== Aim of the exercise ==
Give the number of lines below with "Bathroom" in them, leaving out anything else.

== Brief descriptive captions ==
★ ★ ★ ★ ★
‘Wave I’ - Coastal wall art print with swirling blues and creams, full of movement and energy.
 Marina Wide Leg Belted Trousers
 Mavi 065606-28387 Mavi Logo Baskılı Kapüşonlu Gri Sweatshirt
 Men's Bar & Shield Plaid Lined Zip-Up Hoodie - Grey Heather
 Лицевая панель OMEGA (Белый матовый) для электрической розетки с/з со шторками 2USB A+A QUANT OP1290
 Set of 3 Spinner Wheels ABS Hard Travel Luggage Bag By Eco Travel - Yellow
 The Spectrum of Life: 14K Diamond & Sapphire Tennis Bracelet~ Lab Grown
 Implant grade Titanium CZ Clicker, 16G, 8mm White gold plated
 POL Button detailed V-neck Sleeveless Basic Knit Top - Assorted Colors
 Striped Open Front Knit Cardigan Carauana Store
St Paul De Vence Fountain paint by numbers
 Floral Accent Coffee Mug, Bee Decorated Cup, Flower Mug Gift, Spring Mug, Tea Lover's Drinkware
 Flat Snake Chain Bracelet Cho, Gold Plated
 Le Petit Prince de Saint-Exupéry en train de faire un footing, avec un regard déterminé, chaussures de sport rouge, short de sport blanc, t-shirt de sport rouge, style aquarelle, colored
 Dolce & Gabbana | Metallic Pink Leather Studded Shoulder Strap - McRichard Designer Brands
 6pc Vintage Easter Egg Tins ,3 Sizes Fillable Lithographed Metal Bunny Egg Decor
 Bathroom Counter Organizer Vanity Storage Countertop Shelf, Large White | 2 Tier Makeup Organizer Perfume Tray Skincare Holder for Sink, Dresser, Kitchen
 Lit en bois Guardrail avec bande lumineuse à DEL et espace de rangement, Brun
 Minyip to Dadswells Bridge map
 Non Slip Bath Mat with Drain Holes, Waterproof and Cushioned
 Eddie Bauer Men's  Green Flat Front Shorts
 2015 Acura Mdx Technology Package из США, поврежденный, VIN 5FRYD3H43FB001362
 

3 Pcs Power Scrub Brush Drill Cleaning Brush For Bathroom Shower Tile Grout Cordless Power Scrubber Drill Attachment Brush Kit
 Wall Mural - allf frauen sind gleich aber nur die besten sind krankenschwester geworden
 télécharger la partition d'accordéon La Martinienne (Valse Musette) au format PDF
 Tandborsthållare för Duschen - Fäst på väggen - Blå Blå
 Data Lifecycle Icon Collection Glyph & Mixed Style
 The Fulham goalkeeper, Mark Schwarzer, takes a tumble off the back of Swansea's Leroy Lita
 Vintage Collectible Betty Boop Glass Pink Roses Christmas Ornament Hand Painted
★ ★ ★ ★ ★
== Exercise result ==
2